Joe Paterno: The effigy and the legacy
I've never been quite comfortable with the notion of raising statues in monument to the living. What if Tim Tebow retires from the NFL and takes a job as an assistant coach at Florida State? What will become of the larger-than-life metal version of Nick Saban should Tuscaloosa's generalissimo return to the pros to ply his trade? Right up to their last breathing moments, our idols retain the capacity to disappoint, merely by virtue of being human. When that happens, there's an over-sized hunk of bronze hunching complacently in all its craggy glory, and we idolaters are stuck with it.
That's a touch cynical, but it's my cynicism. I wasn't close to the Penn State football program, but if I'd been covering the team my entire career it still wouldn't be my place to dictate Joe Paterno's place in college football's pantheon. If I'd been on duty this past weekend, I would've churned out a piece that sounded a lot like what Gregg Doyel came up with. It's not up to us to tell you how to feel right now. It's not up to anybody.

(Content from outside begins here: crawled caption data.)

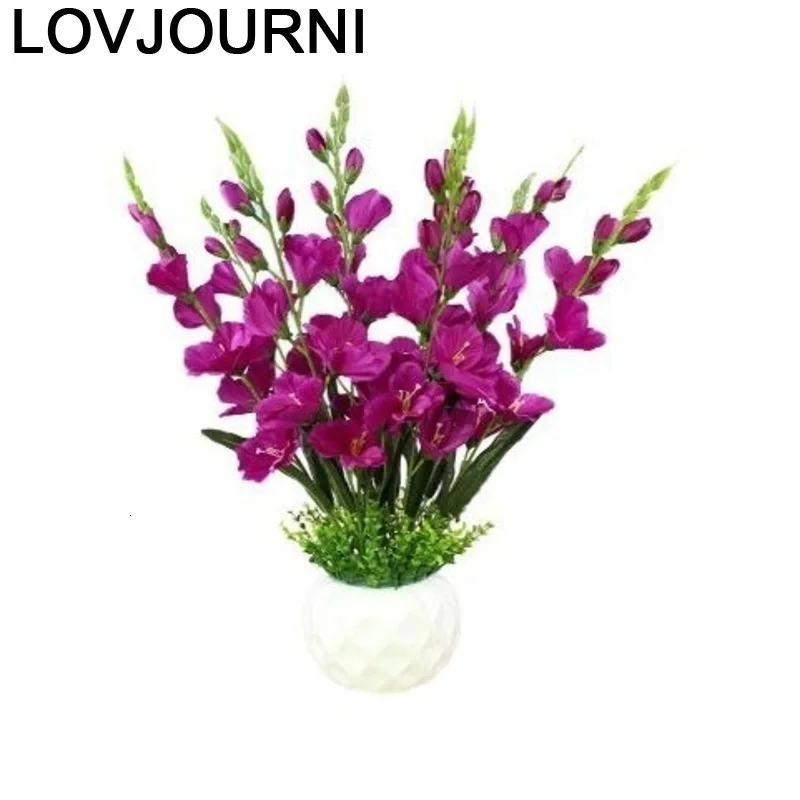 Para Jardim Vasi Decorativi для Vazen Jarron Jarrones Decorativos imperno Teraryum Vaso De Flor украшение дома ваза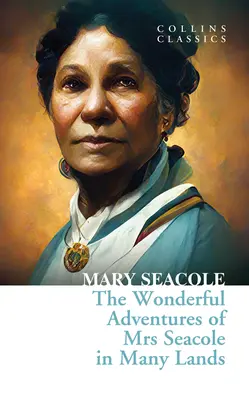 Die wunderbaren Abenteuer von Frau Seacole in vielen Ländern - The Wonderful Adventures of Mrs Seacole in Many Lands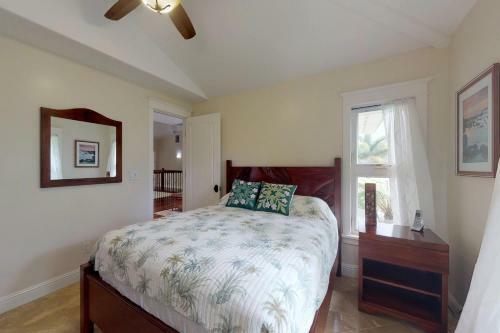 Blue Hawaii House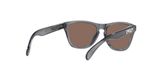 sluneční brýle OAKLEY JUNIOR FROGSKINS XXS OJ9009 900902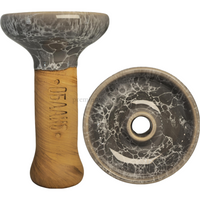 Cazoleta Oblako Phunnel M Gray Marble
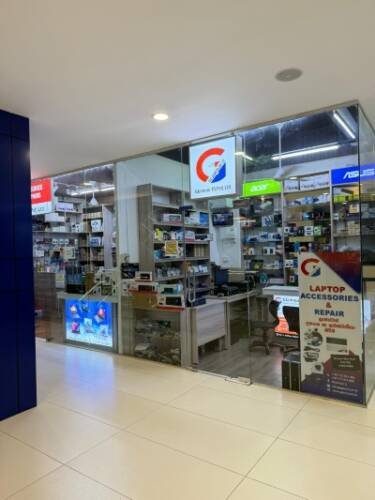 Store Image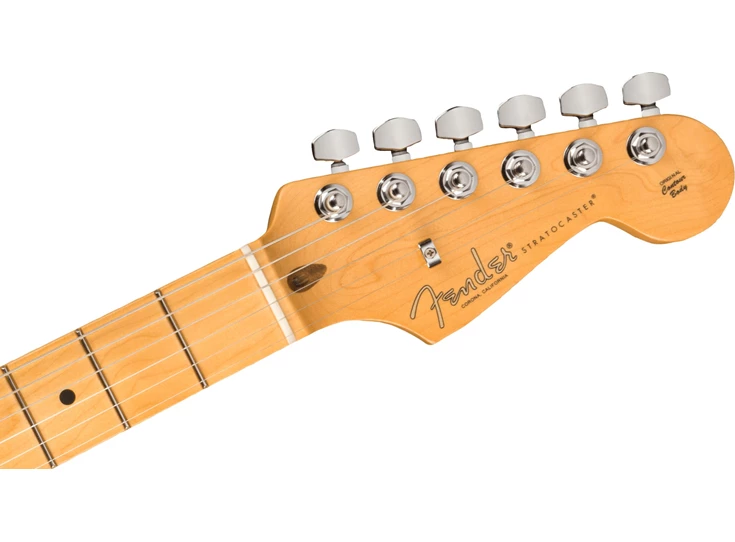 FENDER American Professional II Stratocaster® HSS, Maple Fingerboard, Sienna Sunburst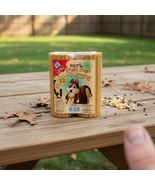 C&amp;S Nut&#39;n Sweet Corn Squirrelog Single-Pack Refill - $473.33 MXN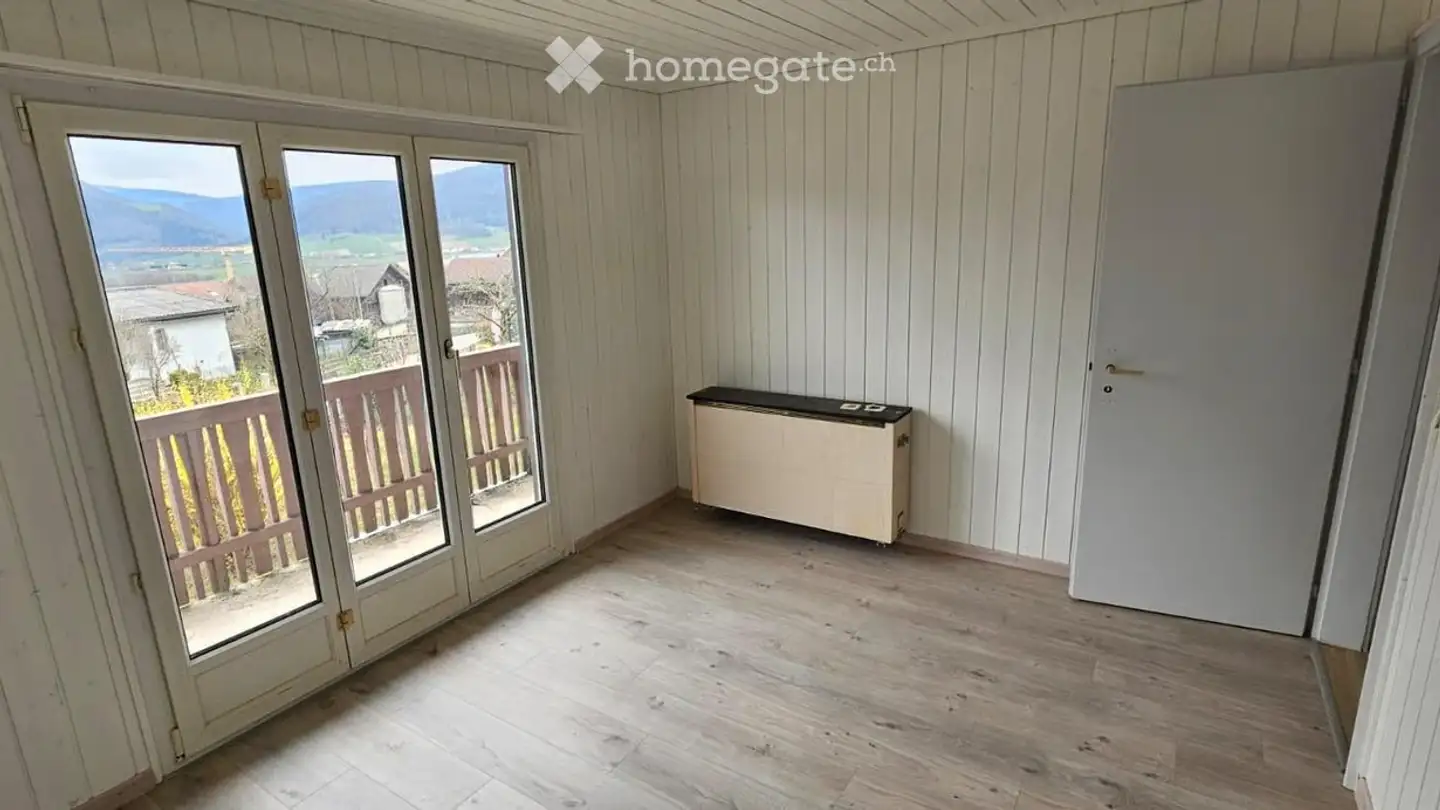 Maison individuelle à louer - Rue des Cerisiers, 2856 Boécourt - Photo 3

Penn State students paid solemn tribute with a candlelight vigil around a statue of their own. Those with a bit more whimsy in their blood raised a statue of another sort. Erect elegant structures of prose, remember the era without any words at all or stumble over the spelling of the word "coach": The church of football's doors are thrown open, and all are welcome here. (The lone exception may be Jerry Sandusky's tacky statement on Paterno's passing, which we deem gross and unnecessary.) Before the break, we rang out the 2011 season by discussing just how inextricably personal fandom can be. Never more so, maybe, than right now.
Among the national voices trying to make sense of a tangly affair: Sally Jenkins of the Washington Post, who conducted Paterno's final and unsatisfying interview; SI's own Stewart Mandel, who examined "the sadness and the self-wrought tragedy of Paterno's final days;" and SB Nation's Bomani Jones, who spoke at length to former Nittany Lion LaVar Arrington.